Taking all of the above matters into account I conclude it is reasonable to assess loss of earning capacity on the basis that Ms Biggs will have a 50% with injury earning capacity for about the next five years.
The five-year multiplier is 226.3. A weekly loss of $750 for a period of five years therefore calculates at $169,725.
At the end of that five-year period Ms Biggs will be 55 years old. It is likely Ms Biggs will continue to suffer a reduced level of incapacity for work from this age until retirement. That residual incapacity for work may be productive of loss by limiting Ms Biggs’ hours of work, or possibly by restricting the level at which she works following redeployment or re-employment if and when her current position comes to an end.
The applicable multiplier from age 55 to age 67 is 450.5. The deferral factor for a loss commencing in five years is 0.747. Reduction in capacity by one day a week at Ms Biggs’ current rate of pay would cause a loss of around $300 net per week, including superannuation. On this basis loss from age 55 to age 67 calculates at about $100,000.
This method results in an assessment of future loss of about $270,000.
The reduction for vicissitudes is complicated by the increased risk Ms Biggs faces in her continuing employment by reason of her compensable injuries, and the uncertainty associated with assessments of loss beyond age 55 years. I conclude an appropriate reduction for vicissitudes in the circumstances is around 15%.
On this basis I assess a future loss of earning capacity at $230,000.
Past loss to the date of trial was agreed by the parties at $130,000 inclusive of superannuation. It is appropriate to add to that figure a further allowance for the period of about 30 weeks since the trial at a rate of $750 net per week. On that basis I will allow past loss of $150,000.
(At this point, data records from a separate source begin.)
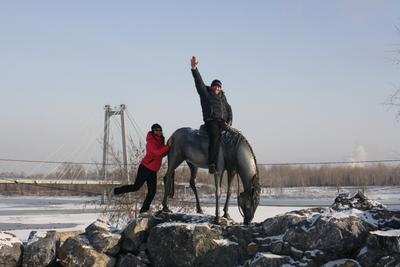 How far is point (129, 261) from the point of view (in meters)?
6.02

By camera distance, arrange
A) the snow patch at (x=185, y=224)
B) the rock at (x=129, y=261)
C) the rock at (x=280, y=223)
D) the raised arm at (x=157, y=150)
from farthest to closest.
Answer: the raised arm at (x=157, y=150), the rock at (x=129, y=261), the snow patch at (x=185, y=224), the rock at (x=280, y=223)

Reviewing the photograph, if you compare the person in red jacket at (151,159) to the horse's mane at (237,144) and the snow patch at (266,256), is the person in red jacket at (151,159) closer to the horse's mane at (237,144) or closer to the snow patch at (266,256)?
the horse's mane at (237,144)

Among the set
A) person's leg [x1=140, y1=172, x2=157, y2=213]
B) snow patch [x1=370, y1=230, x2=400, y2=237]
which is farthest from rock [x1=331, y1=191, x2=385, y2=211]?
person's leg [x1=140, y1=172, x2=157, y2=213]

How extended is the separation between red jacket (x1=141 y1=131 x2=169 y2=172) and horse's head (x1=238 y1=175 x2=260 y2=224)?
1324 millimetres

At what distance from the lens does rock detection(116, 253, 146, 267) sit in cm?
598

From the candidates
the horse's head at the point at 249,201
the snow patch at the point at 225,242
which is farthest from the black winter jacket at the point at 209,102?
the snow patch at the point at 225,242

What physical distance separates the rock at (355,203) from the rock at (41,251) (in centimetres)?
364

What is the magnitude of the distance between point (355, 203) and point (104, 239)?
3.19 meters

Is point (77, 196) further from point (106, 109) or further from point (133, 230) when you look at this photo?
point (133, 230)

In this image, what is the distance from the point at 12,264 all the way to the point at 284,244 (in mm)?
3577

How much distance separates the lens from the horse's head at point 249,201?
6.04 meters

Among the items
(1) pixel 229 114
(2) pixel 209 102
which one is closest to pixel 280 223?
(1) pixel 229 114

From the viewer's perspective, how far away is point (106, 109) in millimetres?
21906

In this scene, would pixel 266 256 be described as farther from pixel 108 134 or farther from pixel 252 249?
pixel 108 134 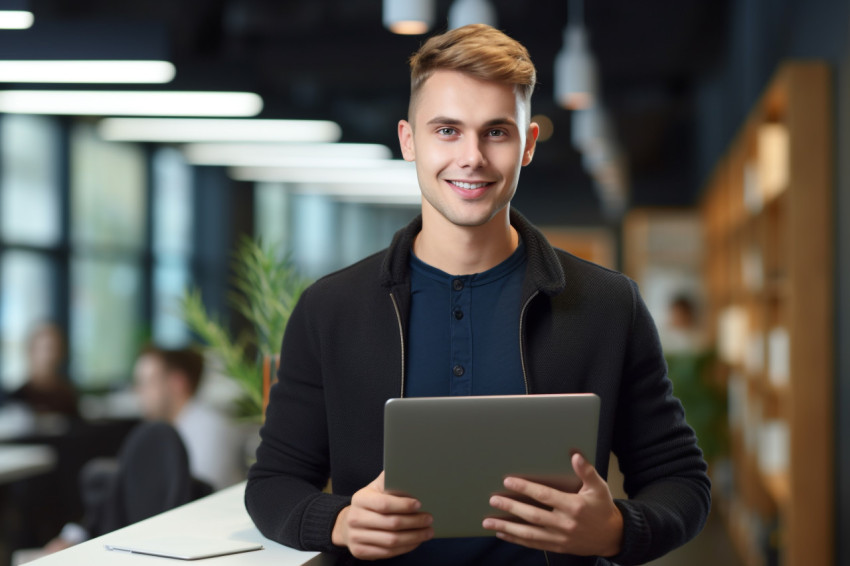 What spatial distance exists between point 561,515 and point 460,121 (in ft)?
2.26

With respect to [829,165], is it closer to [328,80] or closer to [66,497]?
[66,497]

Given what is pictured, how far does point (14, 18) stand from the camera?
4.08 metres

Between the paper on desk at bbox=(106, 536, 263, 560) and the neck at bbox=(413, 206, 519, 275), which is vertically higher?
the neck at bbox=(413, 206, 519, 275)

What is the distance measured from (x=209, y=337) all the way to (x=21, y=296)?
17.4 ft

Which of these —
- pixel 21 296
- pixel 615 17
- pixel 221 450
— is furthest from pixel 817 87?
pixel 21 296

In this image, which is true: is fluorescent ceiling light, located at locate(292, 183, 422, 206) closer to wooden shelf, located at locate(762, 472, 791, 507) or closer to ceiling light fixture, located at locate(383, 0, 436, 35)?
wooden shelf, located at locate(762, 472, 791, 507)

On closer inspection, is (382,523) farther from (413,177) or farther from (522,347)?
(413,177)

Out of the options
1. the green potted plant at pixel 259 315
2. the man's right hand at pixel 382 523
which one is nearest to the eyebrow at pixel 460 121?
the man's right hand at pixel 382 523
I will award pecuniary loss damages for the past of $150,000, and for the future at $230,000, being a total of $380,000.
Conclusion
I have concluded Ms Biggs has established that there was negligence by Mr O’Connor in the riding, management and control of his motorcycle which was a cause of the accident and the psychological injury she has suffered. I have assessed Ms Biggs’ damages as follows:
Pain and suffering $275,000
Pecuniary loss $380,000
Ms Biggs’ damages are assessed at $655,000. I will hear from the parties as to any claim for interest and costs.